Maurice Tarplin was the man behind the mysterious voice. Taking us for a ride though the sinister and supernatural was his forte. Tarplin was so good at it, he also did another series that was very similar (but only 15 minutes long) called The Strange Dr. Weird. There was always a jovial undercurrent to his voice. It was obvious that he knew he was giving us the creeps and enjoyed it. And then there was the way he almost always cut off his tale right in the middle of a juicy detail. "If you think that's terrible, I should tell you about another murderer, a man who killed his wife by -- oh, you have to get off here. I'm sorry." Ostensively, it was because the train was pulling into our stop and we were about to exit, but it was really because he knew how to keep us in suspense for another week. Tarplin realized the best way to keep the audience returning was to never quite satisfy them, bur rather, to keep them hungry for more. And he sure shoveled out a lot of murder and suspense to his starving fans.

In the earlier episodes, Tarplin would insert himself into the story with small roles. ("Back when I was practicing medicine...") Thanks to these cameo appearances, we know the name of our traveling companion was Dr. Smith.

The series was written by Robert Arthur and David Kogan, who later recycled their scripts for use in The Sealed Book (as well as The Strange Dr. Weird). Unfortunately, both writers were activist members of the Radio Writer's Guild, which in 1953, was deemed to be a communist front group by the House Committee for Un-American Activities (HUAC). As a consequence, the Mutual Network was pressured by advertisers and WOR affiliates to drop The Mysterious Traveler series, and basically end Arthur and Kogan's radio writing career. (Digital Deli Too).

Some writers feel the bipartisan HUAC's real goal was union busting, and that there was really no communist threat at all. However, the FBI had by that time obtained documents from other unions showing direct involvement with Soviet agents, and Hollywood elites were prized targets of communist grooming, having been courted successfully by Soviet undercover agents like Otto Katz during the Depression, World War II and beyond. Realistically, the Soviet NKVD would have been foolish if they had not influenced Hollywood insiders to promote the Red agenda, and what better way to try and do that than to infiltrate the unions of Hollywood's writers?

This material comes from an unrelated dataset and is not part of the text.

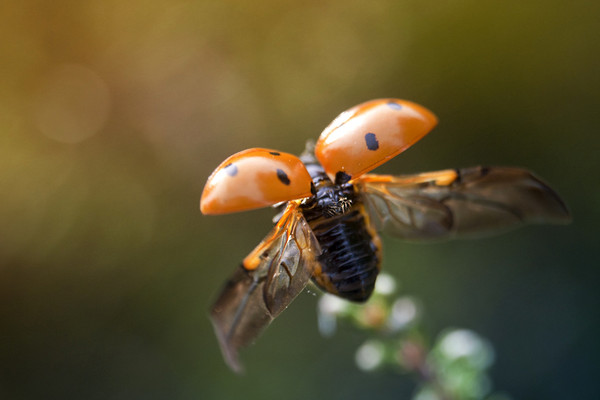 COCCINELLE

Regardless of which version of history you believe (both are presented here in the interest of fairness), neither version proves any knowing involvement by Arthur and Kogan in communist shenanigans. They were, in essence, presumed guilty by association. Collateral damage in war is common-- even in a cold war. But expelling two of radio's most prolific mystery and horror writers was a big loss to the art form, whatever the reason.

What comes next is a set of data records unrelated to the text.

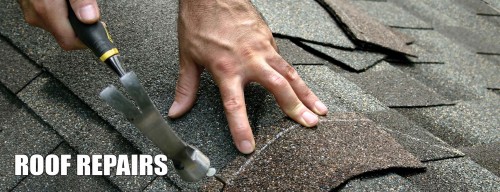 Falcon Roofing
13088 Potts Dr.
San Jose, CA 95111
(408) 225-1705

https://www.falcon-roofing.com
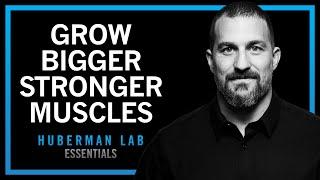 Build Muscle Size, Increase Strength & Improve Recovery | Huberman Lab Essentials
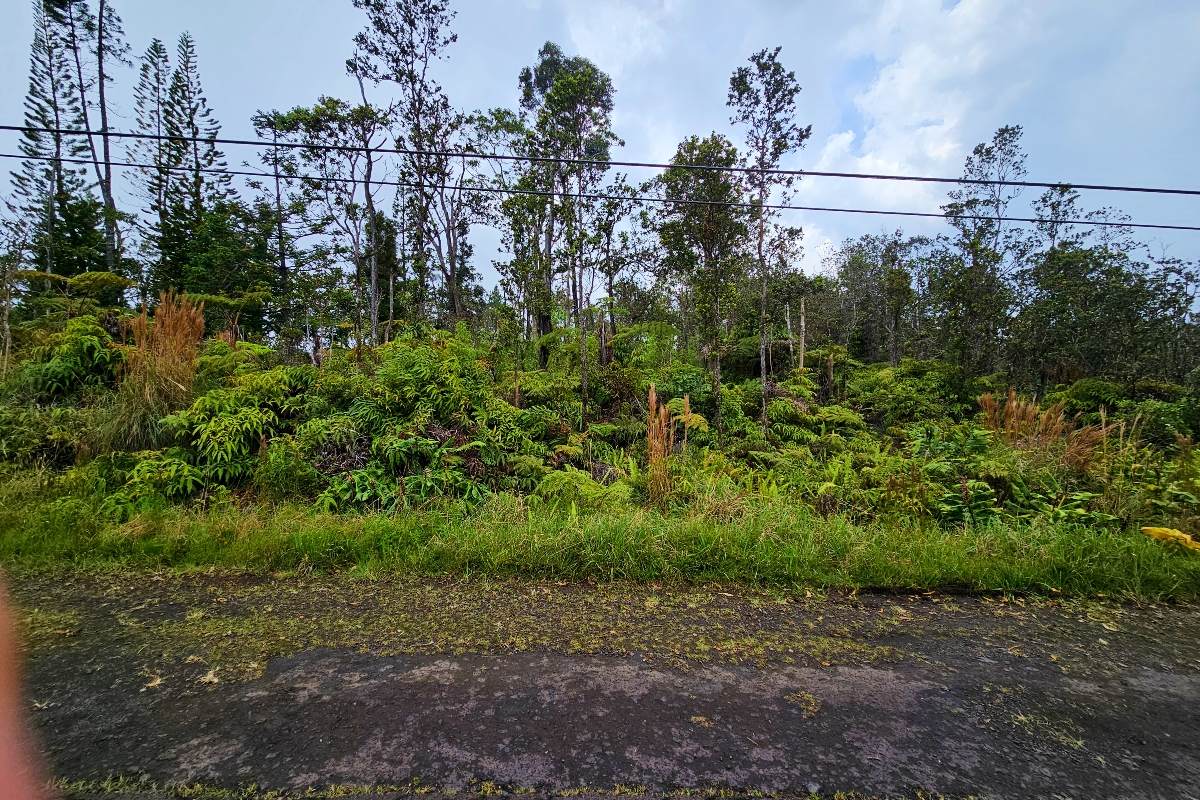 11-3011 Alii Kane St - Photo 1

The Mysterious Traveler wasn't restricted just to radio. There was also a Mysterious Traveler mystery magazine. It is doubtful the printed word could have competed with Tarplin's sinister voice characterizations, but the graphic artwork on the covers and the direct association with the long running radio series were certainly a big advertising advantage. Vintage copies of the pulp magazine are still popular today, as are The Mysterious Traveler comic books, which were another popular spin-off item.

There was also a Mysterious Traveler TV show (Grams, 2000, 336), but like other radio horror shows that tried their hand at television or film (Inner Sanctum, Lights Out), it wasn't as frightening or successful. It would be difficult (if not impossible) for anything on the screen to generate the same level of horror created by your own imagination listening to a good, scary radio drama.

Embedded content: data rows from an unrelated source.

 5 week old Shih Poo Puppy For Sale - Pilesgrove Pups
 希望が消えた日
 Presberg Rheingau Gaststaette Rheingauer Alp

Although nearly 280 of the 370 recorded episodes of the radio series have been lost to the ages, The Mysterious Traveler remains one of the best remembered characters in radio's horror history, right up there with The Whistler and Inner Sanctum's Raymond.

A recording session for The Mysterious Traveler. Left to right: Jack Amerine (sound), Bill Zuckert, Lon Clark, Roger DeKoven, Ed Bergly, Maurice Tarplin (closest to mic), Jim Wallinton, and Jackson Beck.

Artist depiction of a scene from the classic episode "Behind the Locked Door", courtesy of Tune In For Terror © 1992


The Standard Introduction:

(Hear it on Real Audio!)

SFX: Eerie music plays, a distant train whistle blows, and the clackity-clack of a train is heard in the background.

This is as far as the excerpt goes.